*** Opening DATA FOR THIS TASK ***

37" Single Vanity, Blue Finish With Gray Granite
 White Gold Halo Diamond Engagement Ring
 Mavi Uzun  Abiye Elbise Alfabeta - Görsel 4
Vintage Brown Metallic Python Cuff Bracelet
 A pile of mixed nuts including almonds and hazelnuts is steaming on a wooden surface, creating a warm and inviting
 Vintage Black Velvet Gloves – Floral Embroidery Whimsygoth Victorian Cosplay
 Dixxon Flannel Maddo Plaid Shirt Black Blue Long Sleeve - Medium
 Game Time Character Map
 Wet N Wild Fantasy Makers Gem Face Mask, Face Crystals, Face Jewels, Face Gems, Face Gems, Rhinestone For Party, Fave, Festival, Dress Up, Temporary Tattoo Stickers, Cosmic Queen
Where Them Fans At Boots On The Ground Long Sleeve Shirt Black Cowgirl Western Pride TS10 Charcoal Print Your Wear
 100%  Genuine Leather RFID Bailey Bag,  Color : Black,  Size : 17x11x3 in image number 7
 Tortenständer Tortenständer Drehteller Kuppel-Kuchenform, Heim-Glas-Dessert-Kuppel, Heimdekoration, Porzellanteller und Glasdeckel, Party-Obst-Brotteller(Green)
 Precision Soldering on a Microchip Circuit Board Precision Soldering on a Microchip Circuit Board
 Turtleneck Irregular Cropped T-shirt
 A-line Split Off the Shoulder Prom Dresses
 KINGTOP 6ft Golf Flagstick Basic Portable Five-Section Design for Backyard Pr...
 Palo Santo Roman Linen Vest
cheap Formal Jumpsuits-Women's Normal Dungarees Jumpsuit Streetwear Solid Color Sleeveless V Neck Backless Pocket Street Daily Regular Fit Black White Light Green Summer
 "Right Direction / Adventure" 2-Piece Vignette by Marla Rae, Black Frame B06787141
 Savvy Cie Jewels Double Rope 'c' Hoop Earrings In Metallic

*** Closing DATA FOR THIS TASK ***

PROMPT
Display each line of the data where "Metallic" occurs.

OUTPUT FOR THIS EXERCISE
Vintage Brown Metallic Python Cuff Bracelet
 Savvy Cie Jewels Double Rope 'c' Hoop Earrings In Metallic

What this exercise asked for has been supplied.